The Appeal Court’s decision merely means that Shamima Begum should be allowed back to present her case, and does not imply that she should be allowed to stay in UK.   But that ruling, all too predictably, was enough to provoke an outpouring of bile from the frothing loons of the right-wing tabloid press.   The Sun, as so often, epitomises the fanaticism with its headline: ‘Shamima Begum ruling is monstrous – this vile fanatic has no place on our soil.’   Given that the right-wing media will always be pulling whichever of this puppet government’s strings Dominic Cummings isn’t pulling himself, the Home Office response was all too depressingly predictable:  it will appeal the Appeal Court’s ruling to the Supreme Court.   Whatever Shamima Begum has done wrong should be exposed in open trial in UK , and she should be sentenced accordingly.   The arbitrary life-sentence of statelessness in a Syrian refugee camp, which in the age of Covid-19 probably amounts to a death sentence, handed down by the Home Secretary is manifestly unjust, however convenient for the government and the Home Office it might be in helping them to avoid being held to account for allowing Begum to be radicalised and to leave the country in the first place.  

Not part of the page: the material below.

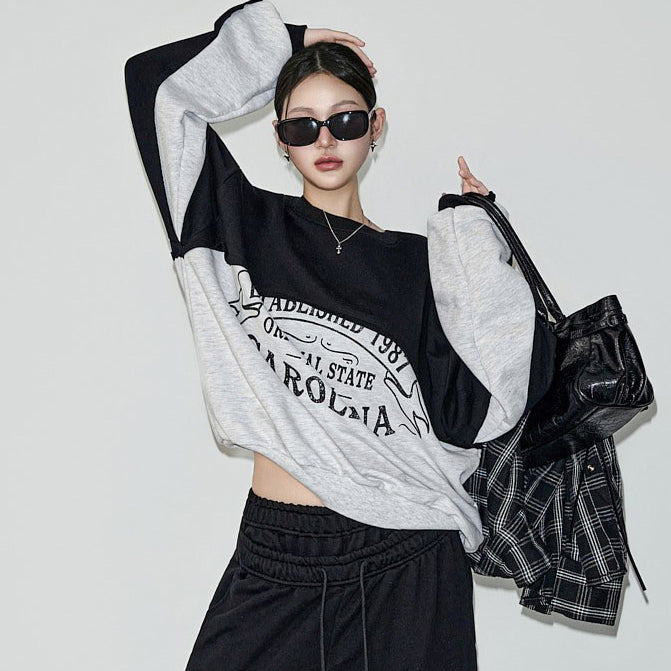 E4372 Lettering Contrast Sweatshirts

Shamima Begum was an all too obviously impressionable child when she was brain-washed into leaving the UK at the age of fifteen.   How far have we actually come in the fewer than seventy years since a fourteen year-old boy could be hanged as a ‘terrorist’ under the State of Emergency in Kenya, in the name of our of still reigning monarch, for the offence of being found in possession of a bullet?  And can we have any confidence whatever that The Sun wouldn’t still think that that was a good idea?